(Beginning of Records to use)
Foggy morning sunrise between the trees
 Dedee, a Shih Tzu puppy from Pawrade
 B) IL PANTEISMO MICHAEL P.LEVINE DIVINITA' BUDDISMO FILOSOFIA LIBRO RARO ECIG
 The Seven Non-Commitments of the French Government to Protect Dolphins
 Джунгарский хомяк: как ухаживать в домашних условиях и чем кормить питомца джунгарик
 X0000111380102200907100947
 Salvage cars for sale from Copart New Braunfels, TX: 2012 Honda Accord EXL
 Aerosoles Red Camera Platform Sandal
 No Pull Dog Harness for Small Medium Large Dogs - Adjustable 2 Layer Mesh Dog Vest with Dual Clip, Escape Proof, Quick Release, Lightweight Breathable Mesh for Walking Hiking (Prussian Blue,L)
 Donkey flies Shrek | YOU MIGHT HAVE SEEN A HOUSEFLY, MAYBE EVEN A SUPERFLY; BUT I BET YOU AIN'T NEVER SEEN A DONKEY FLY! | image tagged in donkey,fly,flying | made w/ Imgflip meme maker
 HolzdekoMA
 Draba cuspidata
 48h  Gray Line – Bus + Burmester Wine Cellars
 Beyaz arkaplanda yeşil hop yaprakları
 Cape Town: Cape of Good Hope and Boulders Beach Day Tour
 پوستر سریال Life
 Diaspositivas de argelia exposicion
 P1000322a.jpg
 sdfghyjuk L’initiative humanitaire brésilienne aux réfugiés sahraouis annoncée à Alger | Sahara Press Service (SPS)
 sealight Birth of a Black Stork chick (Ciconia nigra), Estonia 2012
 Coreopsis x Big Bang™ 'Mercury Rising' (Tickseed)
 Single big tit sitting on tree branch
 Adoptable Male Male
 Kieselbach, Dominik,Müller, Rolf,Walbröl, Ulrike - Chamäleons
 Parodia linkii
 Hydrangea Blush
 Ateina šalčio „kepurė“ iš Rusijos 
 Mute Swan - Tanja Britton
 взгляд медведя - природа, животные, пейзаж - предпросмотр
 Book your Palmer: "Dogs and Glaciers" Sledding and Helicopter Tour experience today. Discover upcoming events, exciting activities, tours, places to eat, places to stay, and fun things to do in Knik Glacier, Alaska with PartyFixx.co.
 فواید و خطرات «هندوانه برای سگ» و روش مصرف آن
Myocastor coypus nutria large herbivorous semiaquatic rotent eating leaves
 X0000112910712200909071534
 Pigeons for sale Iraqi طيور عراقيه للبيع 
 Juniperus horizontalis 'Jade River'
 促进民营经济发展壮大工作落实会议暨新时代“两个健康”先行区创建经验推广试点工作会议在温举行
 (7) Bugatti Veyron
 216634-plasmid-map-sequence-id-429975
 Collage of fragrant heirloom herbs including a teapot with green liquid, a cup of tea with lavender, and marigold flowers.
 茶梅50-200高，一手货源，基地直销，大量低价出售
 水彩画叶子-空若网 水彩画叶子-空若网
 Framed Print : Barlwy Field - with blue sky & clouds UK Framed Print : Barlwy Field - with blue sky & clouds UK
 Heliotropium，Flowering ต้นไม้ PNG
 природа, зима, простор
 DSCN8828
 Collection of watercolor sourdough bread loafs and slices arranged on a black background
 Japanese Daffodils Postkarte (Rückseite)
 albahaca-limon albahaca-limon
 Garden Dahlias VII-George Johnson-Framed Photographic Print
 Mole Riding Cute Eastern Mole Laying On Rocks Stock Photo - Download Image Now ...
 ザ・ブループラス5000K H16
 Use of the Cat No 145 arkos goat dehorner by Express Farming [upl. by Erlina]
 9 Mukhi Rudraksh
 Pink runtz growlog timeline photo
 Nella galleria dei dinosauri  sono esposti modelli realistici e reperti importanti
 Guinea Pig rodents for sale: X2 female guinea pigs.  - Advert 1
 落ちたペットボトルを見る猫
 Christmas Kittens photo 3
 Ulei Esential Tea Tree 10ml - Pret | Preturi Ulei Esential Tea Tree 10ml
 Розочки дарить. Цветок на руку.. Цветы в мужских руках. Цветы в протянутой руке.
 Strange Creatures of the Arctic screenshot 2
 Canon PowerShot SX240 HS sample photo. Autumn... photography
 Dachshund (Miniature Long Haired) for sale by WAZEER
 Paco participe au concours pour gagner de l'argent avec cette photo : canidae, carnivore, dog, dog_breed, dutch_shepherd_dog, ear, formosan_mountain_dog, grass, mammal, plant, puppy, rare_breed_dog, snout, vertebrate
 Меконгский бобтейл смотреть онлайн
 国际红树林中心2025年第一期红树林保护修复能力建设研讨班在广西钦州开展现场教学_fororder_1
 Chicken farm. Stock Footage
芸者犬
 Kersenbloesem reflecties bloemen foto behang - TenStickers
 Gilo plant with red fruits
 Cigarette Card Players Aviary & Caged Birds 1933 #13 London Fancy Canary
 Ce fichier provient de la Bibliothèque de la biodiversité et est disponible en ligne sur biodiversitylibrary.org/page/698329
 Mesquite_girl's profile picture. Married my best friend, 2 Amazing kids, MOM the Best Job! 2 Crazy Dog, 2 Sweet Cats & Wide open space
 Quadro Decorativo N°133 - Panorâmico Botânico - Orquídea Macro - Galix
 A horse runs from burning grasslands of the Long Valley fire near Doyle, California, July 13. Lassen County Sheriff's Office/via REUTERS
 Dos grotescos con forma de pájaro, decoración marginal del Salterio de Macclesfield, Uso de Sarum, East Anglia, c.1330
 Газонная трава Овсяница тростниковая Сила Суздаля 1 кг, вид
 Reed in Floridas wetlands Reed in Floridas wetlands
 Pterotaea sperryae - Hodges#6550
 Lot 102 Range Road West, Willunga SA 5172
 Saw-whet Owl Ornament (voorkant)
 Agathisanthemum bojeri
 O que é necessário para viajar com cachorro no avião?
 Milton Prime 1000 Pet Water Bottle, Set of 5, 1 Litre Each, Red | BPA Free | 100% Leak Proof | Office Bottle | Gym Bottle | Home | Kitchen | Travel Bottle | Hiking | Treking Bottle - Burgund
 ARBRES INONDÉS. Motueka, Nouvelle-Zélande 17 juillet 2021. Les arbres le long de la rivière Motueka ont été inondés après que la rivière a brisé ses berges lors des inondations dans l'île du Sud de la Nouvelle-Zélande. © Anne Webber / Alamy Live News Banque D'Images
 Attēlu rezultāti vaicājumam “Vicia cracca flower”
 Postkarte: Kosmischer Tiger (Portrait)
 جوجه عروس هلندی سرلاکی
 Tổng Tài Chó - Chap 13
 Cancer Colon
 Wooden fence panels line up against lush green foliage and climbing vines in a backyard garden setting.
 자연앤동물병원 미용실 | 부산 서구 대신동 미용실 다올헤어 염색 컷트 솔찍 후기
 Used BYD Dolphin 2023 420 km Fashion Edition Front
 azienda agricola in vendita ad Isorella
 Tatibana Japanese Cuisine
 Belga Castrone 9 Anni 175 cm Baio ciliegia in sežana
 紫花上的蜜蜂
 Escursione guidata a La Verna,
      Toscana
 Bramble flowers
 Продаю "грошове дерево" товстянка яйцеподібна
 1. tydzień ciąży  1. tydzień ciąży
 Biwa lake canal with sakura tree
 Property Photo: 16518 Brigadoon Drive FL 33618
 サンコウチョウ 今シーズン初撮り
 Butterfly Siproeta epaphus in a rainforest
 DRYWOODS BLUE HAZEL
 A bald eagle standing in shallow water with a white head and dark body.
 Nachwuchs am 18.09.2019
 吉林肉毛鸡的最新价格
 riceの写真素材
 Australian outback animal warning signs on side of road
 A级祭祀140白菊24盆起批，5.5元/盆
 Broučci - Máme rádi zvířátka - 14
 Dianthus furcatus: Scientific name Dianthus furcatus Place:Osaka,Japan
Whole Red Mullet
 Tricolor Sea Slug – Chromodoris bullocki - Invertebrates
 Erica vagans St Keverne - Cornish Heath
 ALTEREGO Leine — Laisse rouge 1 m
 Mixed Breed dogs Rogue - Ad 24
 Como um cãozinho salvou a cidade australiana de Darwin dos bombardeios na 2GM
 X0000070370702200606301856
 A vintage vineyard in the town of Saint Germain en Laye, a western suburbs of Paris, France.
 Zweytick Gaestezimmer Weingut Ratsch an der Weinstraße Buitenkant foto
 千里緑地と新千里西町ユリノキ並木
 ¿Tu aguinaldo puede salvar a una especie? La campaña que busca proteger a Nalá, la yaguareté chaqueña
(End of Records to use)
▸ **Work required**
Retype exactly the lines of the data above that fall between the line with "Butterfly Siproeta epaphus in a rainforest" and the line with "Mixed Breed dogs Rogue - Ad 24", inclusive, and add nothing.

▸ **Solution to this problem**
 Butterfly Siproeta epaphus in a rainforest
 DRYWOODS BLUE HAZEL
 A bald eagle standing in shallow water with a white head and dark body.
 Nachwuchs am 18.09.2019
 吉林肉毛鸡的最新价格
 riceの写真素材
 Australian outback animal warning signs on side of road
 A级祭祀140白菊24盆起批，5.5元/盆
 Broučci - Máme rádi zvířátka - 14
 Dianthus furcatus: Scientific name Dianthus furcatus Place:Osaka,Japan
Whole Red Mullet
 Tricolor Sea Slug – Chromodoris bullocki - Invertebrates
 Erica vagans St Keverne - Cornish Heath
 ALTEREGO Leine — Laisse rouge 1 m
 Mixed Breed dogs Rogue - Ad 24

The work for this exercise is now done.